The reporting model should evidently replicate in detail the one used for the estimates made by the competent offices at the moment the operation is drawn up, highlighting the following elements line by line, as typically takes place in the budgets presented to the corporate bodies: estimates, final costs, deviations, forecasts, and comments. In the absence of these elements, the acquisition process is incomplete and self-referential, and the corporate bodies would have responsibility but not control. Management that is engaged in a project of integration, that may be organized in a Project Management Office (PMO), should thus be given specific responsibilities for achieving the estimated synergies, reporting to the corporate bodies as indicated above. And it is evident that the degree of examination that characterized the estimation of the synergies in the pre-aggregation phase, that is necessarily and demonstrably corrected in the initial period after the acquisition based on the most precise information available, not only makes the estimate more precise – to the extent possible – but also imposes a more responsible involvement of management in the realization phase, more targeted verification and reporting regarding the reaching of the goals, and more precise monitoring of the administrative and control bodies, each as per their own responsibility.

We cannot hide the fact that in the reporting phase it is not always easy to concretely distinguish the results obtained that derive from the expected synergies, based on specific planning and responsibility assumed by the management, from results that depend on independent market or company variables, whose economic effects would have appeared anyway and are not traceable to the category of synergies and the actions planned. It can be held, though, that it is not necessary to attempt to separate the two effects in the useless search for difficult precision; reporting will be usefully classified under an analysis of the favorable or unfavorable scenarios in which the management of the process of integration is carried out, thus allowing, from this standpoint and from a performance attribution standpoint, for sufficient qualitative evaluations, as is always the case when comparing targets, budgets, and final costs.

Synopsis

There are some who doubt that significant synergies can be achieved in acquisition operations, but generalization is not legitimate given the broad case record, the need to refer to specific cases, and the impossibility, in the case of listed companies, to determine the reliability of estimates based on stock market reactions. The estimates made by the management of the acquiring company, though, could be influenced by the desire to convince the board of the convenience of the acquisition. Thus a rigorous methodology for ex ante valuation is needed, that ensures responsibility on the part of management and the proper value of the role of the BoD.

A central aspect is that of the completeness and transparency of the estimates in regard to the BoD, so that it can decide based on the best information available. The initial estimates reflect the limits of a partial information base; the board’s perspective, however, must not be limited only to quantitative evaluations, when the strategic importance of the operation is evident.

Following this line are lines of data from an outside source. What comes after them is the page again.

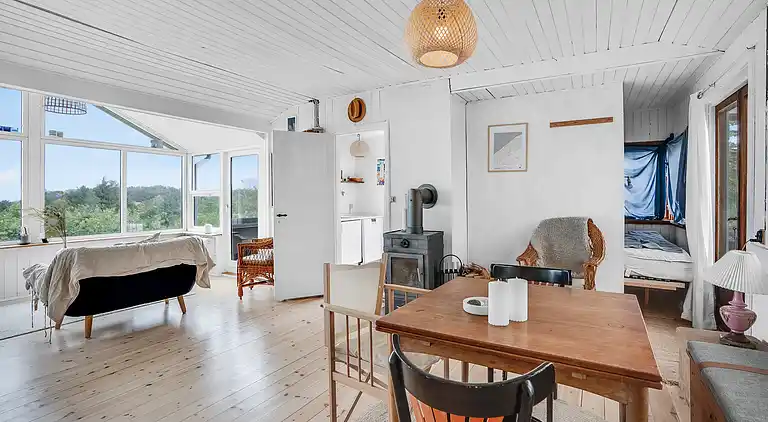 Kystnært sommerhus i Rågeleje  med havkig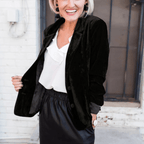 Modern slim - fit women's blazer with buttons and pockets | Notched lapel - Nalani - Fashion Clothing and Decor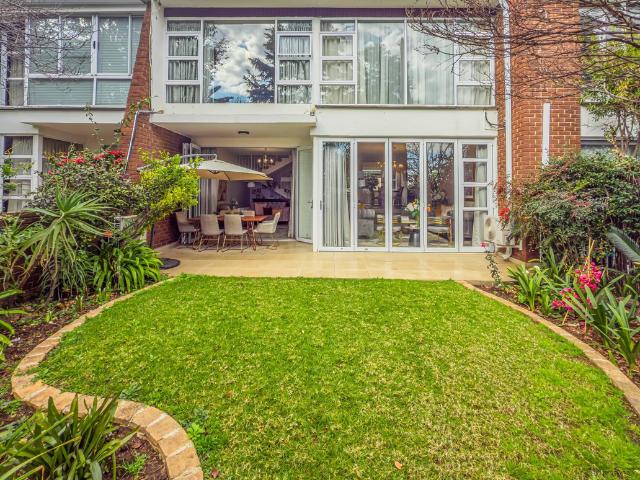 3 Bedroom Townhouse To Let in Hyde Park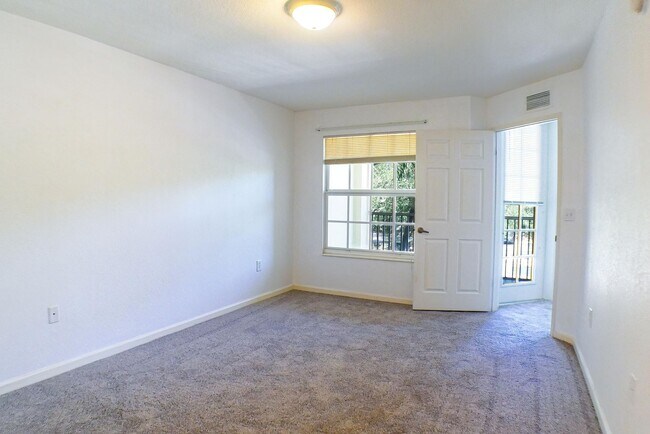 Building Photo - 4113 Residence Drive
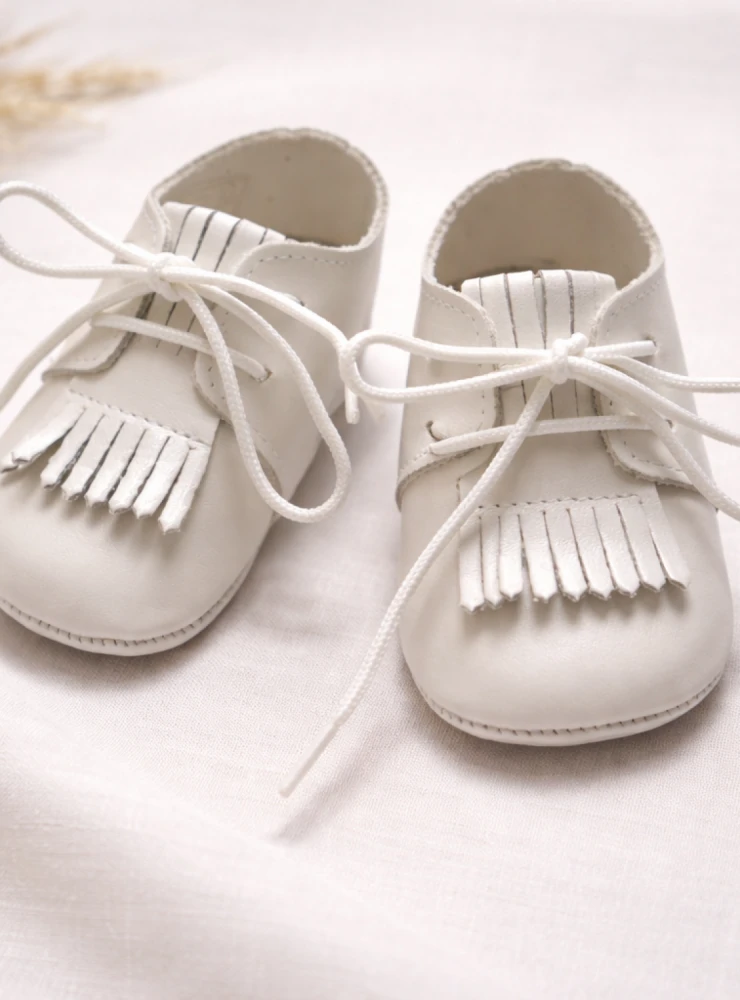 Zapato para niño piel nacar con flecos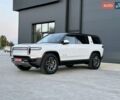 Rivian R1S 2023 в Дубно на Automoto.ua Белый Rivian R1S, объемом двигателя 0 л и пробегом 19 тыс. км за 47777 $, фото 187 на Automoto.ua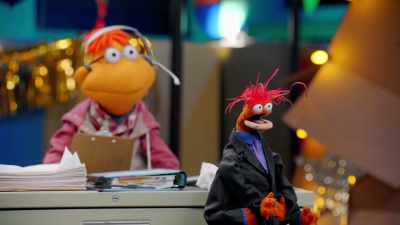 (BUZZER SOUNDS) - Muppets Now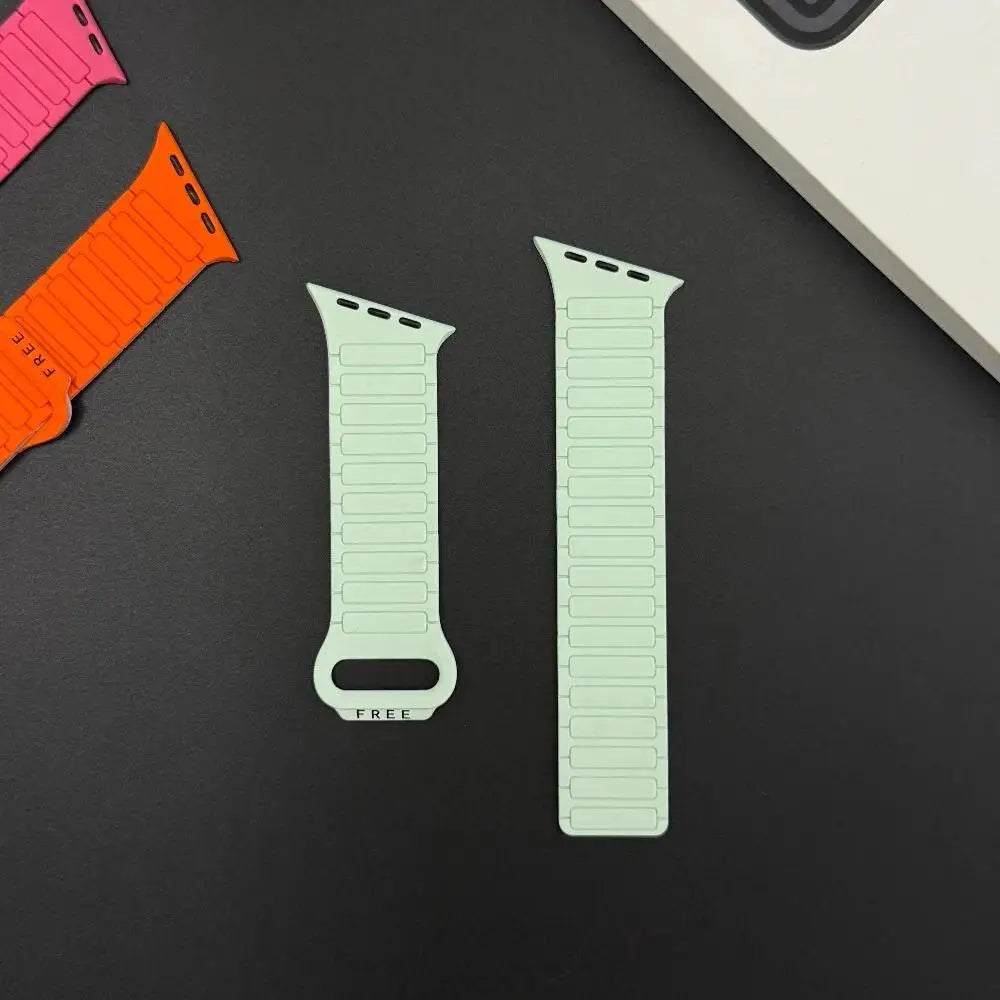 Magnetic Strap Bracelet for Apple Watch 46mm 42mm 49mm 45mm 41mm 44mm 40mm for iWatch Ultra Series 11 10 9 8 7 6 SE 5 4 3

It is also important for the board to have a clear idea of the share of estimated synergies that is to be transferred to the counterparty in the agreed-upon price, meaning the “premium” with respect to the stand-alone value of the target, and that there be an estimate of the “payback period” for that premium through the anticipated synergies.

Each acquisition operation must be followed by the relative reporting provided to the BoD, according to an operational model that must replicate the one used to develop estimates on the synergies. This phase implies involvement by management in measuring and communicating the reaching of goals, the reasons for deviations, and the considerations on the difficulties encountered. Only this way can the necessary dialectic with the board be developed, giving the proper value to its role as a body exercising strategic supervision.

1

This and other issues for discussion are addressed in the book: M. Rutigliano (edited by), Temi di valutazione d’azienda. Letture e casi, Milan, Egea, 2022.